Last month, the US Congress banned the Chinese-owned platform from all government devices, and now members are saying they want to install still more social media regulations for the new year. So Instagram, Twitter, and Facebook all better watch their backs in 2023 because Congress might be creeping.

The Ban-ish Hammer

The TikTok ban was cited as a national security measure rather than a way to keep federal staffers from wasting their time finding out if it was a “bones or no bones” day. Chinese companies are required by law to hand over user data to their government if requested, but while TikTok and its parent company ByteDance have repeatedly said no US user data is accessed by China, leaked audio from company meetings says otherwise.

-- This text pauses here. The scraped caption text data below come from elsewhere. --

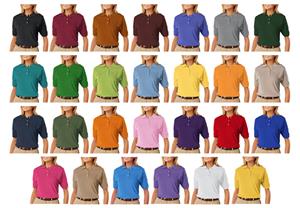 Blue Generation SS Egyptian Cotton Polo Shirt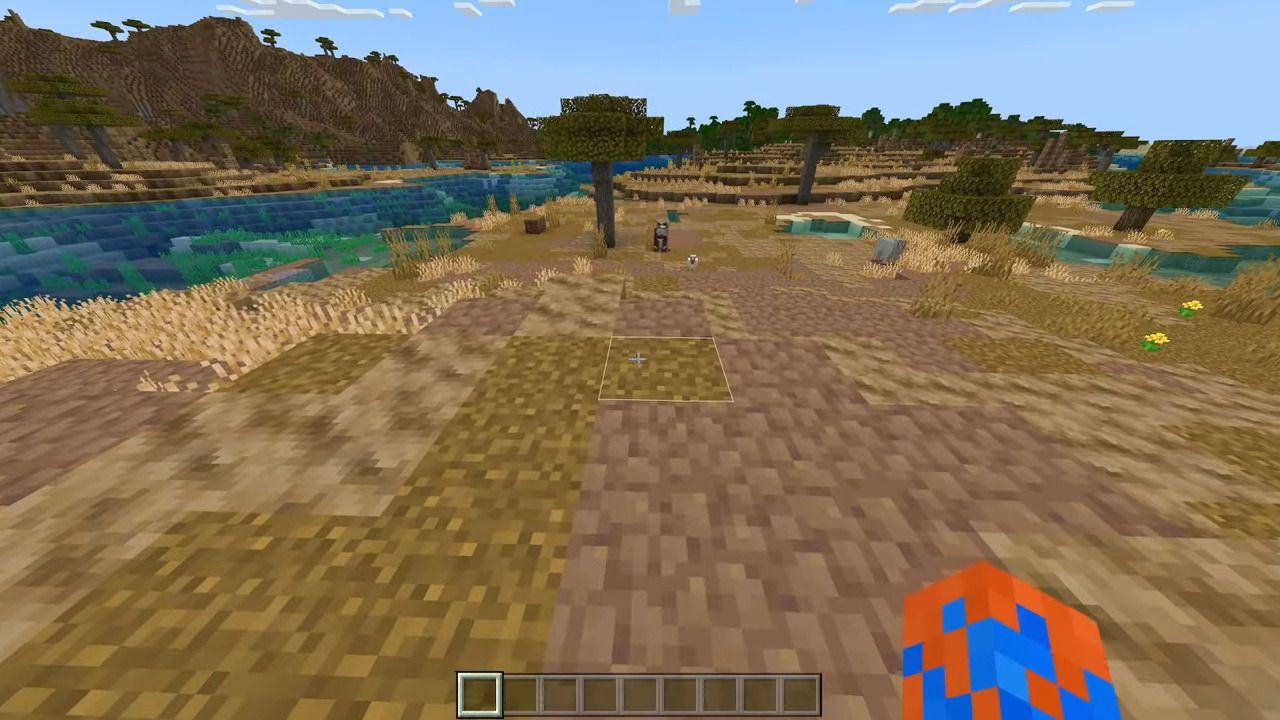 Sand and Savanna Expansion Addon (1.19) - MCPE/Bedrock Mod 10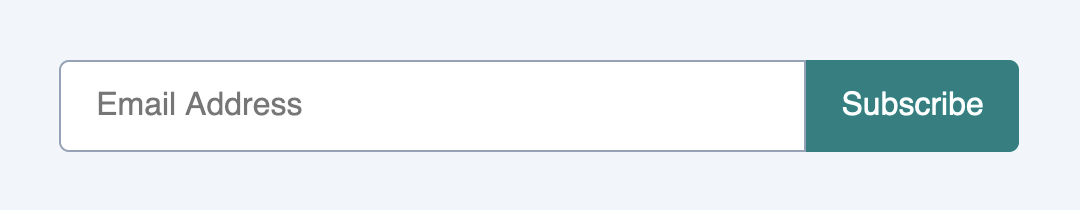 Inline Subscribe Form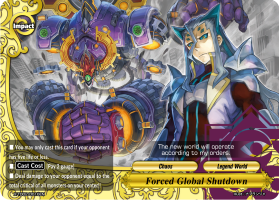 X-TD02/0016EN Forced Global Shutdown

Now Congress wants to go even further. Voicing concern for America’s mental state, Rep. Mike Gallagher of Wisconsin called TikTok “digital fentanyl” and said it should be banned throughout the entire country. “It’s highly addictive and destructive,” he said on NBC’s Meet the Press. Taking on Big Tech won’t be easy, though. As we all know, the only thing more powerful than Capitol Hill lawmakers are Silicon Valley lobbyists:

  • In 2020, the Trump administration tried banning TikTok nationwide and removing it from Apple and Google app stores, but federal judges halted the action, saying Trump would be overstepping his emergency economic powers.
  • Last year, Congress failed to pass multiple bills that would regulate big tech and social media such as the Kids Online Safety Act and an antitrust measure that would have prohibited major companies like Amazon and Google from promoting their products unfairly over smaller businesses that rely on their services.

Sen. Amy Klobuchar of Minnesota said even when a bill has strong bi-partisan support, the tech lobby is so powerful that promising legislation can disintegrate “within 24 hours.”

Way Behind the 8 Ball: The US is a relative piker when it comes to regulating tech. The EU became big tech’s biggest adversary in 2022 when it passed the Digital Markets Act, which seeks to reign in the market dominance of gatekeepers like Microsoft, Meta, and Apple and level the playing field for smaller, third-party tech companies. In countries like France, Germany, and Singapore, social media companies have only 24 hours to remove hateful content, extremist views, and misinformation from their sites or risk being fined millions of dollars. Frances Haugen, the whistleblower who claimed Facebook’s lax security allows for the spread of misinformation and harms the mental state of young users, said the US feels like “we’re back in 1965, we don’t have seatbelt laws yet.” Sounds like the makings of a TikTok challenge.